Task instructions:
Below are the records; retype them exactly and omit each picture.

Input for this task:
>>

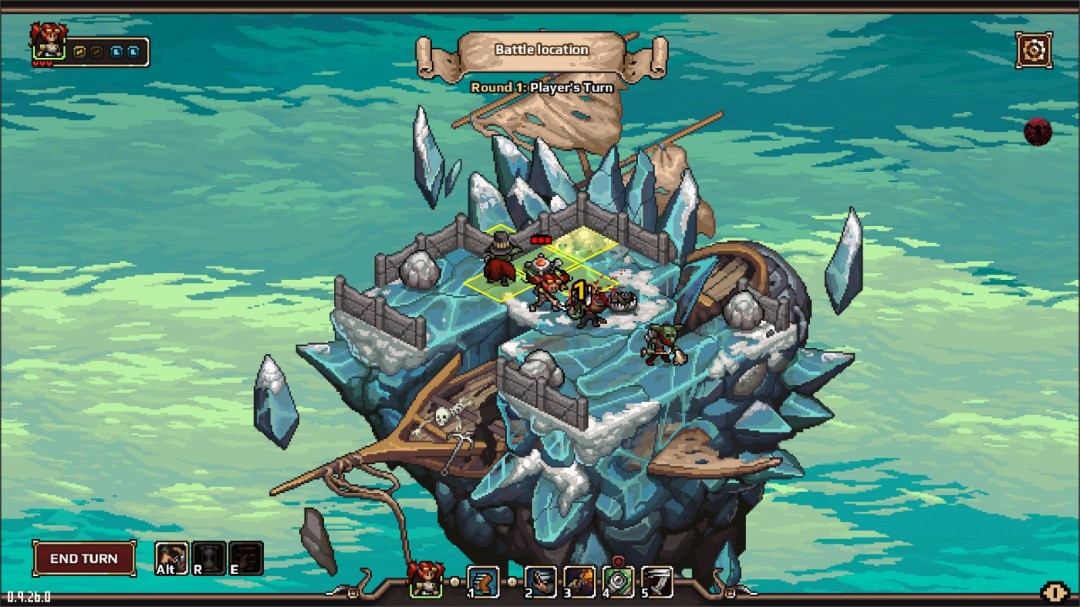 《Dead Weight》游戏库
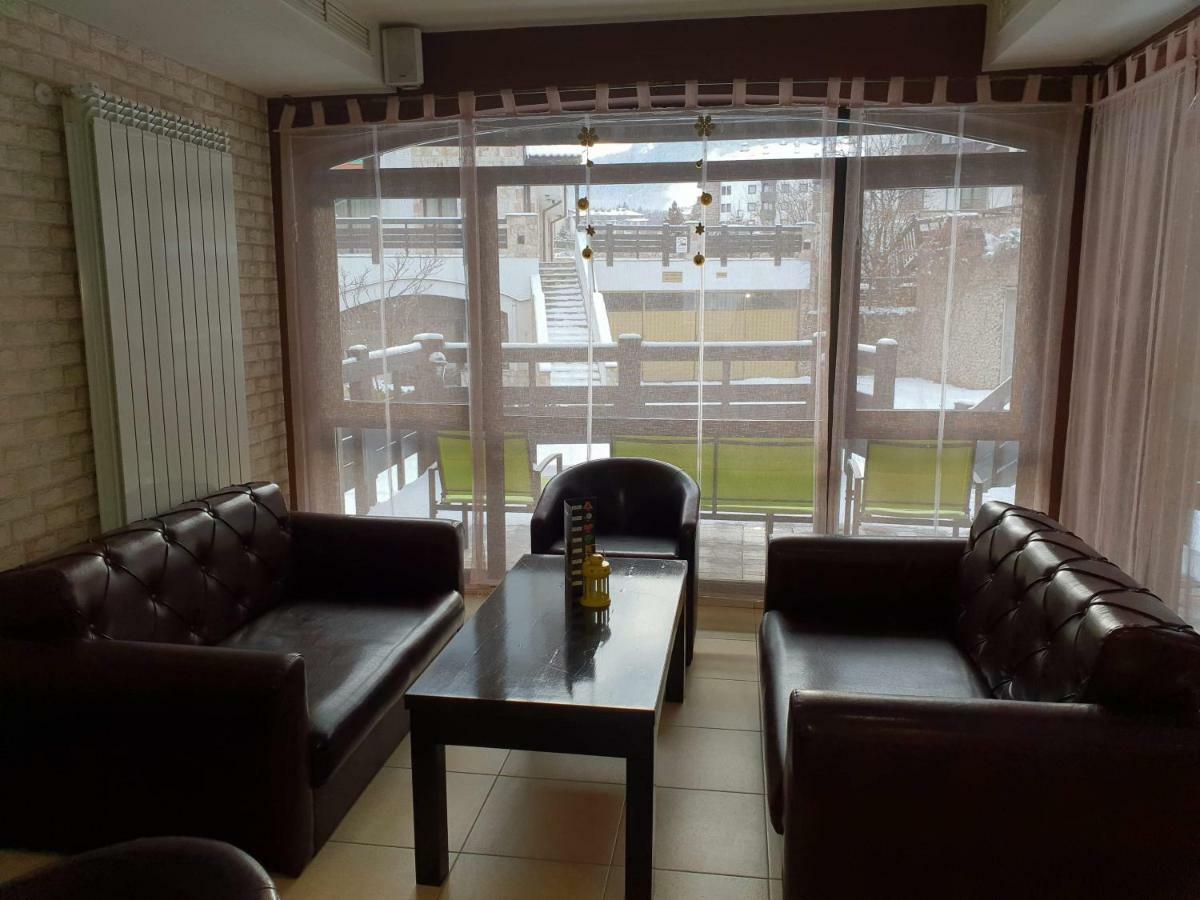 Dream Apart Hotel 207 Банско Екстериор снимка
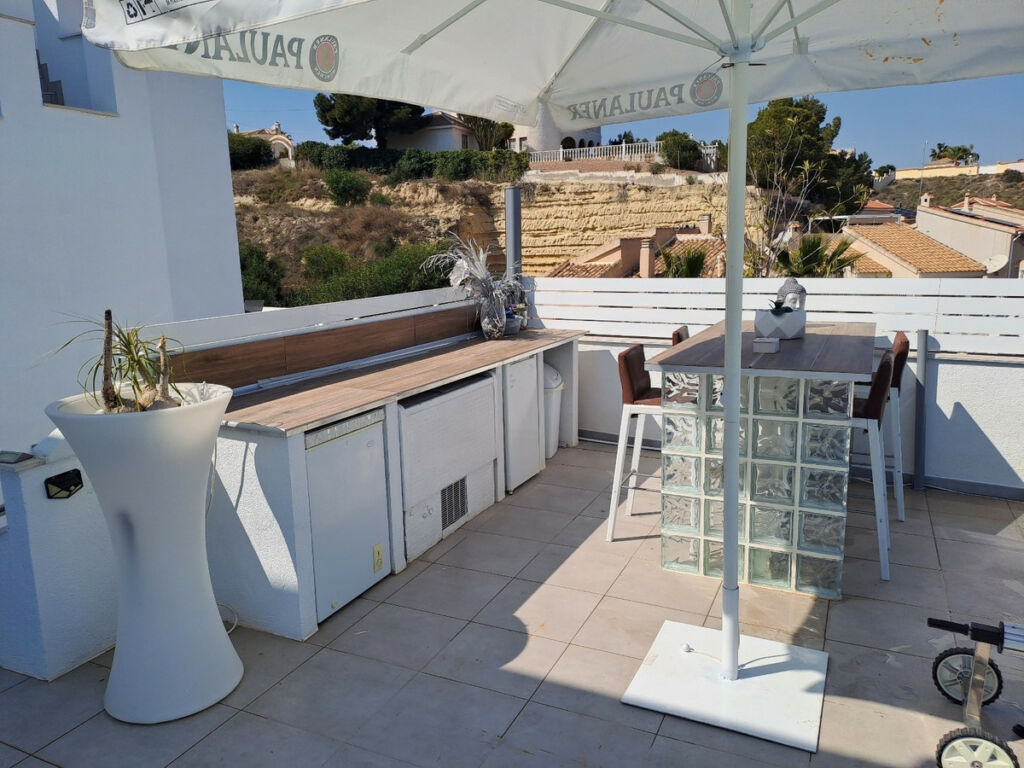 Detached Villa Rojales Alicante - image 7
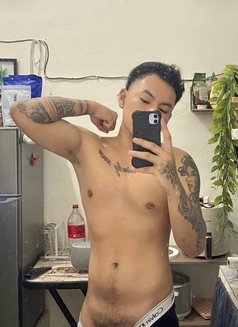 JaPinoy Tattooed BoyToy 🇯🇵 - Acompañantes masculino in Manila Photo 18 of 20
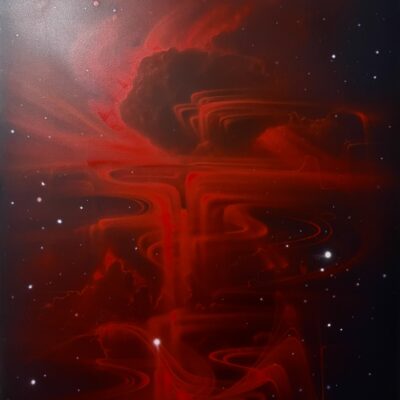 robin speth death of a star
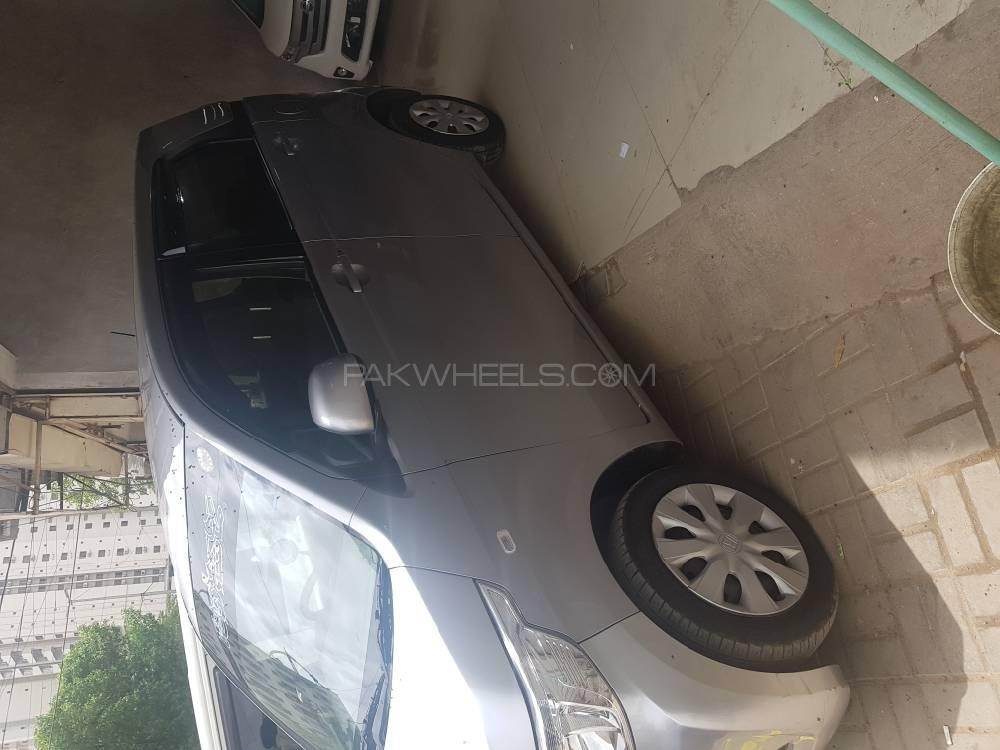 ہونڈا این ویگن 2016 for Sale in کراچی ہونڈا این ویگن 2016 for Sale in کراچی Image-3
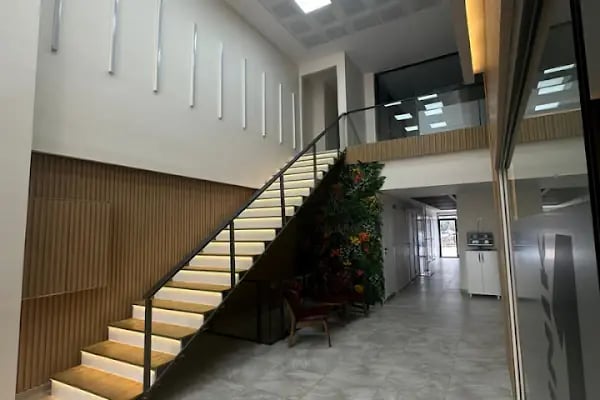 Özel Luminans Diyarbakır Ağız ve Diş Sağlığı Polikliniği - Resim 5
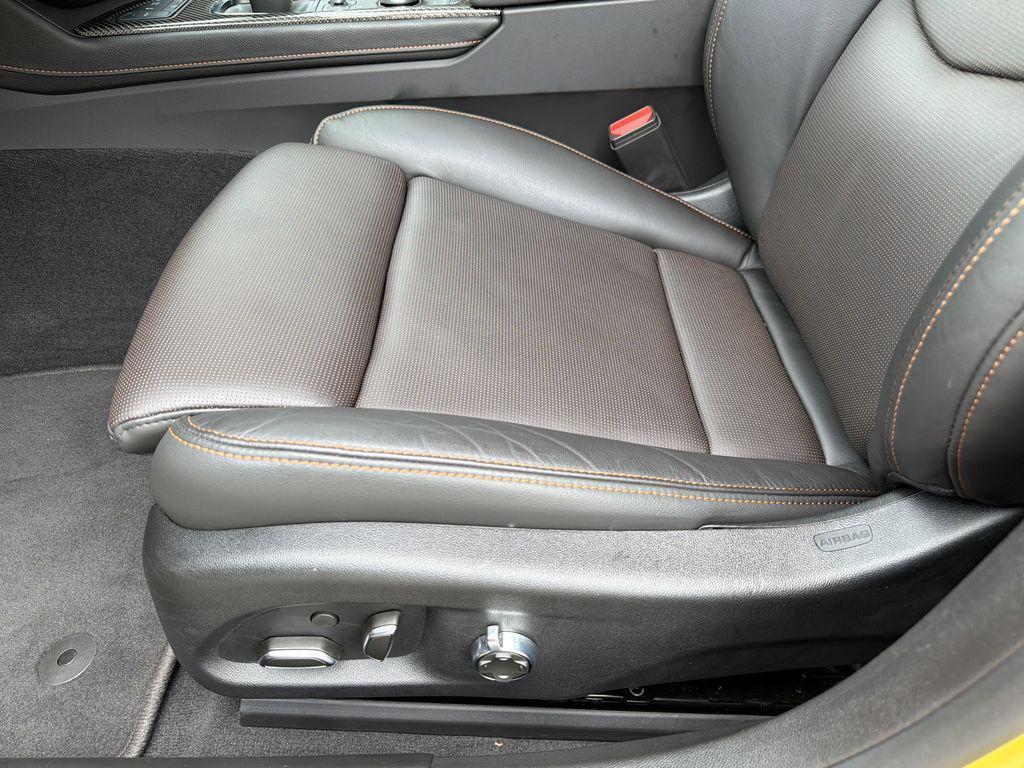 new 2026 Cadillac CT5 car, priced at $60,955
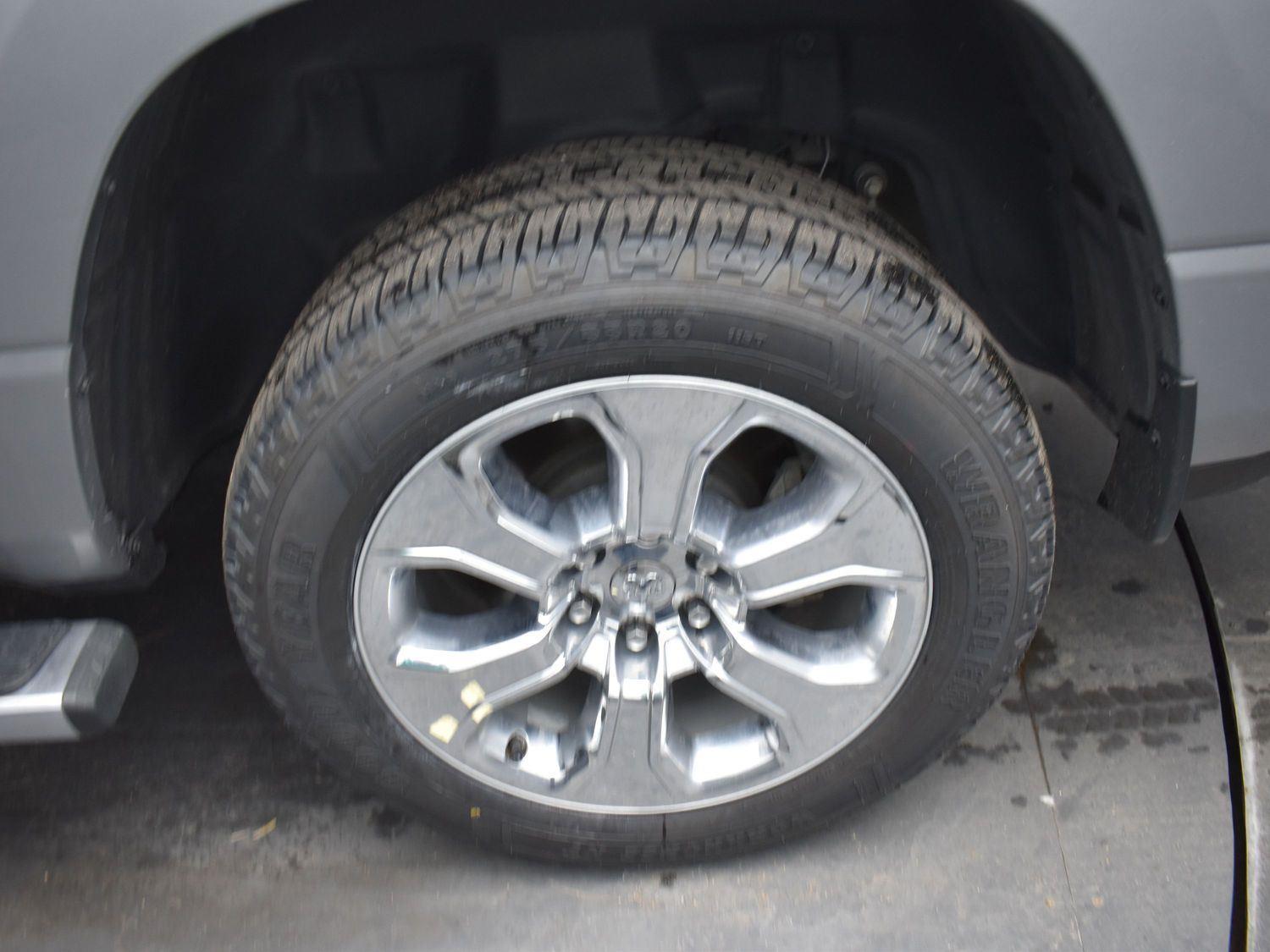 Used 2023 Ram 1500 Big Horn Crew Cab Truck for sale in Grand Island NE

<<

Answer below:
 《Dead Weight》游戏库
 Dream Apart Hotel 207 Банско Екстериор снимка
 Detached Villa Rojales Alicante - image 7
 JaPinoy Tattooed BoyToy 🇯🇵 - Acompañantes masculino in Manila Photo 18 of 20
 robin speth death of a star
 ہونڈا این ویگن 2016 for Sale in کراچی ہونڈا این ویگن 2016 for Sale in کراچی Image-3
 Özel Luminans Diyarbakır Ağız ve Diş Sağlığı Polikliniği - Resim 5
 new 2026 Cadillac CT5 car, priced at $60,955
 Used 2023 Ram 1500 Big Horn Crew Cab Truck for sale in Grand Island NE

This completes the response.